Very bad guess.. we have to do something about the If modified since thingo in htaccess is simething.
the way i understand it is: as long as a 'last modified date' is showing there is no need for .htaccess modifications.
where cacheing really comes into its own though is by specifiying expiry dates for objects on your server. this is done in the .htaccess
e.g. we use a graphical header bar which will not change this year - so i'd specify that this graphic will not expire within the next 12 months. whereas the index page is updated every day at 6 am, so i'd put that it expires every day at 6.02 for example. this is giving robots and caches / browers and proxies really detailed information about how to deal with your site.
that is real fine tuning though - i think a last modified date is enough for most purposes.
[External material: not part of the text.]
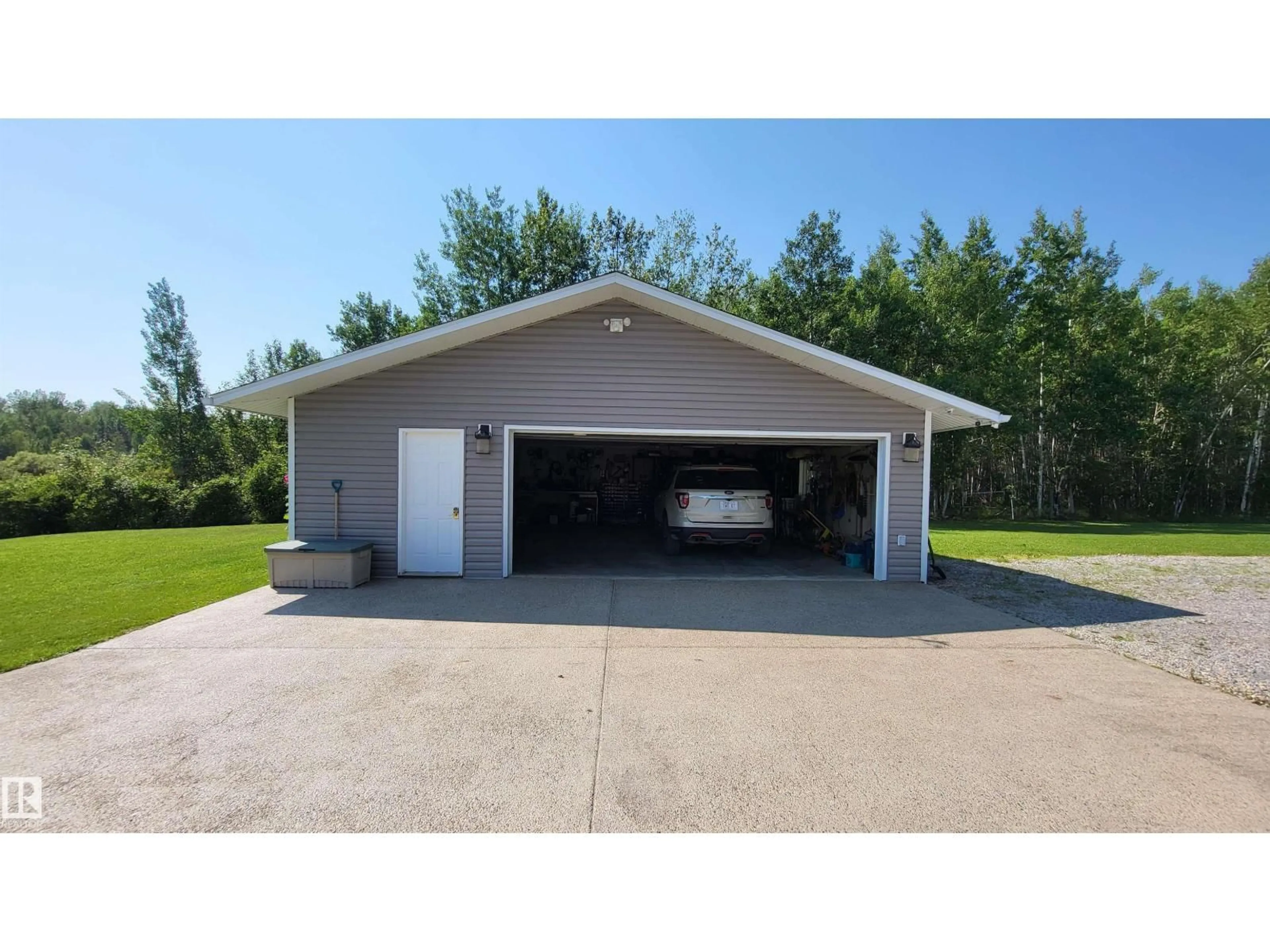 Indoor garage for 50128 HWY 22, Rural Brazeau County Alberta T7A2A2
i am sure a real guru can add to this.
Bottom line, what's the consensus? Is it:
AddType text/html .html
AddHandler server-parsed .html
AddType text/html .htm
AddHandler server-parsed .htm
With the XBitHack:
Options +Includes
XBitHack [on] or[full]
Is there a specific order for this in .htaccess?
Thanks,
Jim
best of both worlds allowing cacheing and SSI is:
add
XBitHack Full
to your .htaccess file
and chmod 744 any files which have SSI includes in them (can be both .htm and .html)
p.s. if you have XBitHack, you don't need the AddHandler in your .htaccess. it's either / or.
(at least that worked for me when testing ;-)
As mentioned in the other thread the permissions do seem to stick so it's not as bad as I thought it would be.
I'm not entirely sure its all working correctly though as I get the green light from the validators when the permissions are 644 (but includes don't work) and when set to 744 the includes work but the checkers (including the header checker here) don't validate.
Further testing required I think!
[edit] setting permissions to 754 allows the last modified header to be sent but is this a security risk? :( [/edit]
i asked back a while ago in this forum if there were any security issues with chmodding everything executable, but no one replied. hmmm i'm not sure - this is fairly new to me too.
i did find this though :-)
744 (or 754)
The file will be in fact executable. If you accidently run it from the command line, with all the < and > in it, you can possibly trash your site and spend the rest of the day bringing up furballs.
p.s. would be a nice topic for a tutorial like the css one and mod_rewrite one. could cover dynamic pages too?